Jendoubi Fatma, Rohde Manfred, Prinz Jörg Christoph
Department of Dermatology, University Clinics, Ludwig-Maximilian University of Munich, Munich, Germany.
Faculty of Medicine of Tunis, University Tunis El Manar, Tunis, Tunisia.
Front Med (Lausanne). 2019 Jan 29;6:6. doi: 10.3389/fmed.2019.00006. eCollection 2019.
Erysipelas is a severe streptococcal infection of the skin primarily spreading through the lymphatic vessels. Penicillin is the treatment of choice. The most common complication consists in relapses which occur in up to 40% or more of patients despite appropriate antibiotic treatment. They cause lymphatic damage resulting in irreversible lymphedema and ultimately elephantiasis nostras and lead to major health restrictions and high socio-medical costs. Prevention of relapses is an unmet need, because even long-term prophylactic penicillin application does eventually not reduce the risk of recurrence. In this article we assess risk factors and causes of erysipelas recurrence. A systematic literature search for clinical studies addressing potential causes and measures for prevention of erysipelas recurrence was combined with a review of experimental and clinical data assessing the ability and clinical relevance of streptococci for intracellular uptake and persistence. The literature review found that venous insufficiency, lymphedema, and intertrigo from fungal infections are considered to be major risk factors for recurrence of erysipelas but cannot adequately explain the high recurrence rate. As hitherto unrecognized likely cause of erysipelas relapses we identify the ability of streptococci for intracellular uptake into and persistence within epithelial and endothelial cells and macrophages. This creates intracellular streptococcal reservoirs out of reach of penicillins which do not reach sufficient bactericidal intracellular concentrations. Incomplete streptococcal elimination due to intracellular streptococcal persistence has been observed in various deep tissue infections and is considered as cause of relapsing streptococcal pharyngitis despite proper antibiotic treatment. It may also serves as endogenous infectious source of erysipelas relapses. We conclude that the current antibiotic treatment strategies and elimination of conventional risk factors employed in erysipelas management are insufficient to prevent erysipelas recurrence. The reactivation of streptococcal infection from intracellular reservoirs represents a plausible explanation for the frequent occurrence erysipelas relapses. Prevention of erysipelas relapses therefore demands for novel antibiotic strategies capable of eradicating intracellular streptococcal persistence.

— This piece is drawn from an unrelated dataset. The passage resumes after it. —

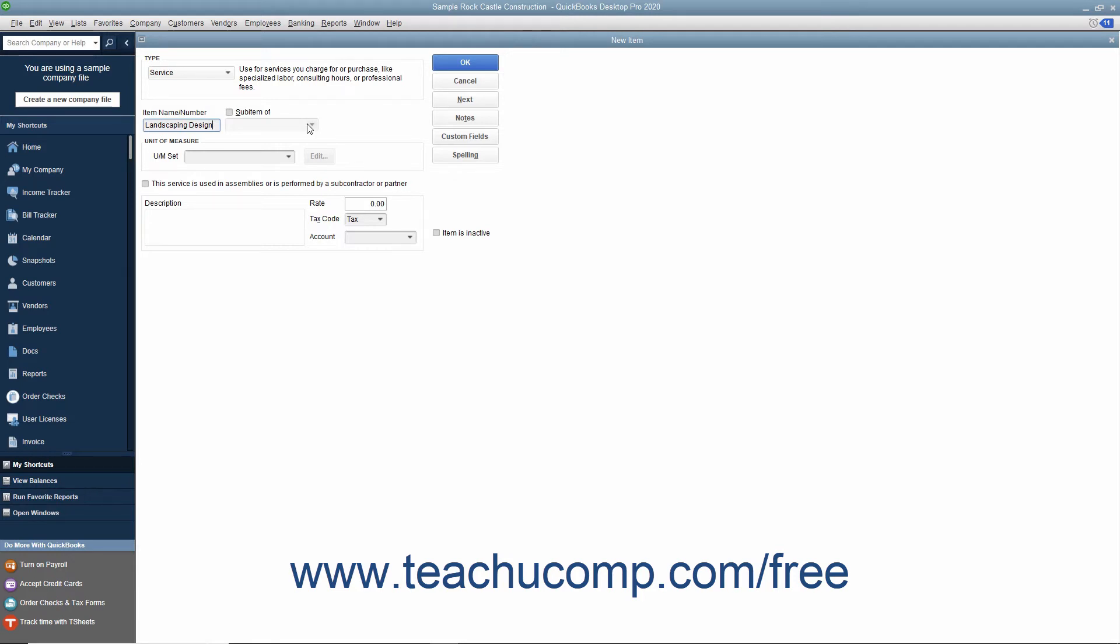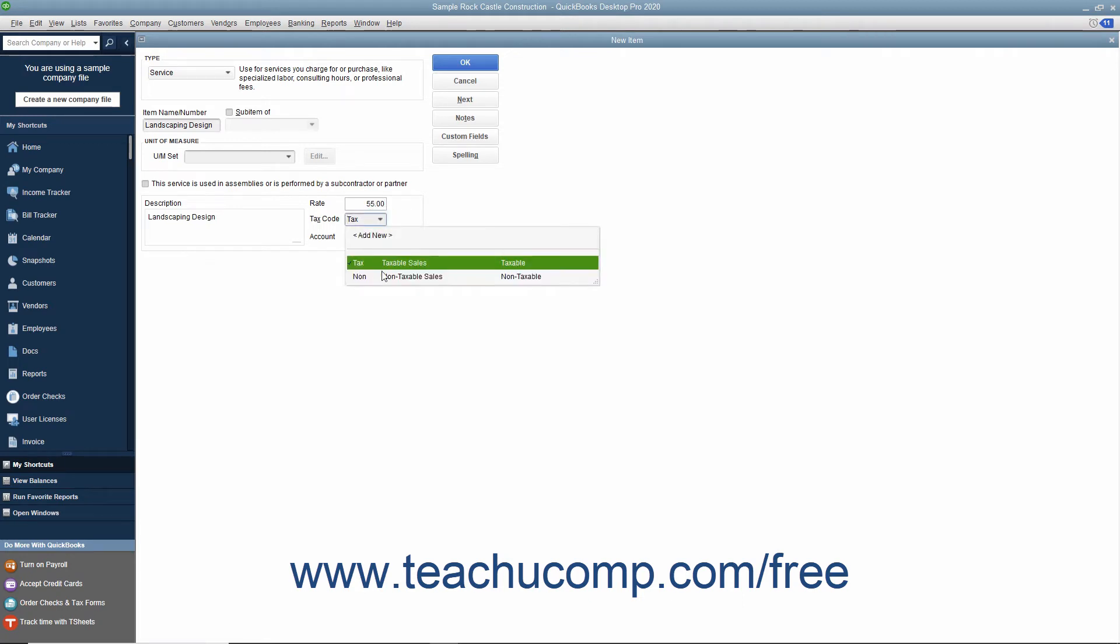Enter a description of the service to display in invoices and sales receipts into the description field. Enter the rate for the service, set the tax code, and assign the amount to an income account by using the account drop down.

丹毒是一种主要通过淋巴管传播的严重皮肤链球菌感染。青霉素是首选治疗药物。最常见的并发症是复发,尽管进行了适当的抗生素治疗,但高达40%或更多的患者会出现复发。复发会导致淋巴损伤,进而导致不可逆的淋巴水肿,最终发展为象皮肿,并导致严重的健康限制和高昂的社会医疗成本。预防复发是一个尚未满足的需求,因为即使长期应用预防性青霉素最终也不能降低复发风险。在本文中,我们评估了丹毒复发的危险因素和原因。对涉及丹毒复发潜在原因和预防措施的临床研究进行系统的文献检索,并结合对评估链球菌细胞内摄取能力和持续性的实验及临床数据的综述。文献综述发现,静脉功能不全、淋巴水肿和真菌感染引起的擦烂被认为是丹毒复发的主要危险因素,但无法充分解释高复发率。作为迄今未被认识的丹毒复发可能原因,我们确定了链球菌进入上皮细胞、内皮细胞和巨噬细胞并在其中持续存在的细胞内摄取能力。这会形成青霉素无法触及的细胞内链球菌储存库,因为青霉素无法在细胞内达到足够的杀菌浓度。在各种深部组织感染中都观察到由于细胞内链球菌持续存在导致的链球菌清除不完全,这被认为是尽管进行了适当的抗生素治疗但仍发生复发性链球菌咽炎的原因。它也可能是丹毒复发的内源性感染源。我们得出结论,目前丹毒管理中采用的抗生素治疗策略和消除传统危险因素不足以预防丹毒复发。细胞内储存库中链球菌感染的重新激活是丹毒频繁复发的一个合理的解释。因此,预防丹毒复发需要能够根除细胞内链球菌持续存在的新型抗生素策略。